I’m want to write a script that will identify instances where a word (string) appears in a row of a pandas dataframe more than once.
Using a lambda function I can identify the existence of a string in a row but but I can’t find any information on how to identify ‘2 or more’ instances of the string, this is an example of what I have currently:
df = pd.DataFrame({'ID':[1,2,3],'Ans1':['Yes','Yes','Yes'],'Ans2':['No','Yes','No'],'Ans3':['No','No','No']})
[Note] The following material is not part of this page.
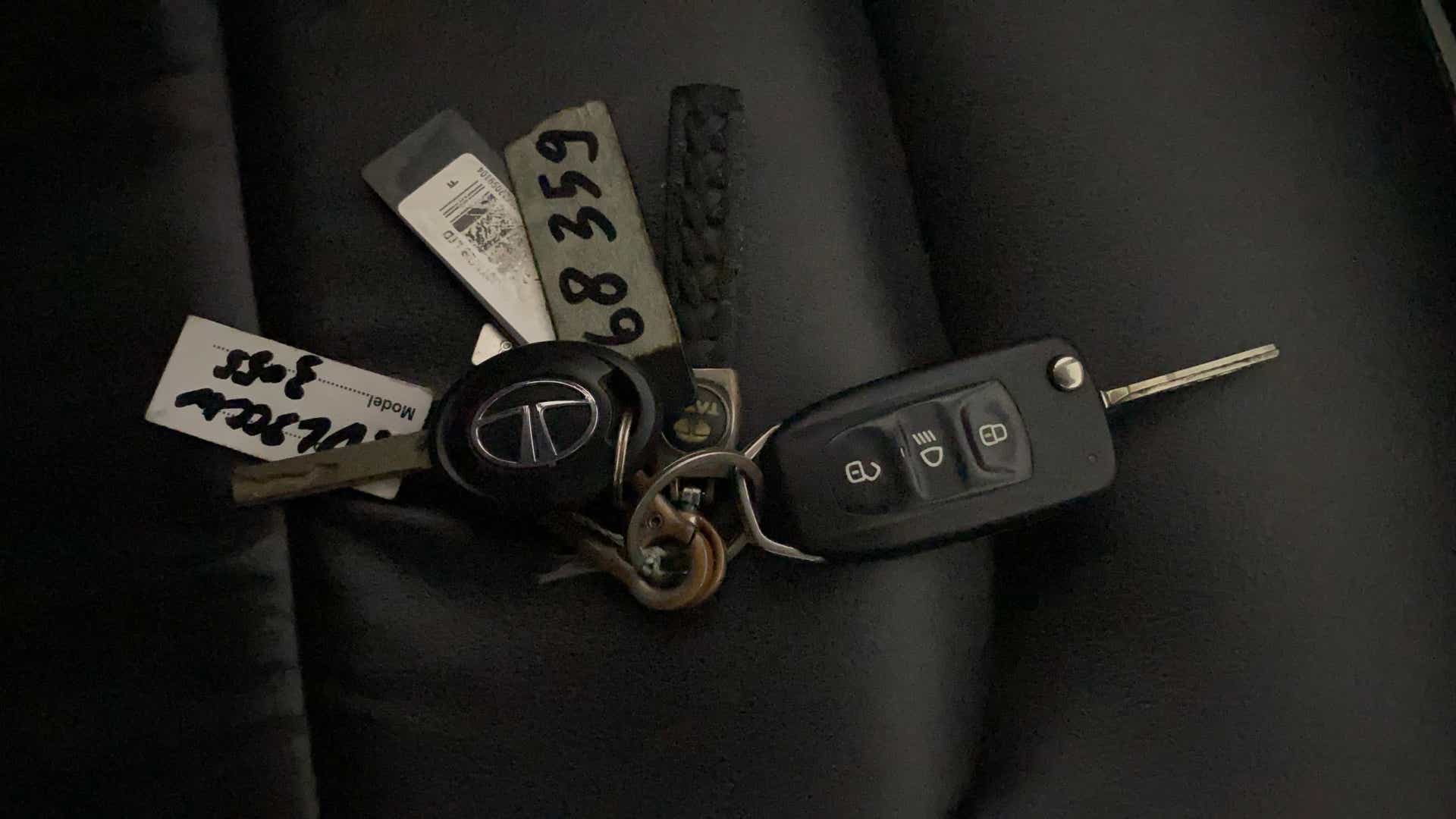 Tata Nexon 2017-2023 car key fob close-up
df['Result'] = df.apply(lambda row: row.astype(str).str.contains('Yes').any(), axis=1)
df
Pseudocode for what I’m trying to get:
if 'Yes' isin row > 1:
df['Results'] == True
Desired result:
ID Ans1 Ans2 Ans3 Result
1 Yes No No False
2 Yes Yes No True
3 Yes No No False
>Solution :
Try, you can do column filtering if you don’t want to check the entire dataframe for yes, then use eq, equals to, and sum with axis=1 to sum values along rows then check to see if that sum is gt, greater than, 1:
df['Result'] = df.eq('Yes').sum(1).gt(1)
Output:
ID Ans1 Ans2 Ans3 Result
0 1 Yes No No False
1 2 Yes Yes No True
2 3 Yes No No False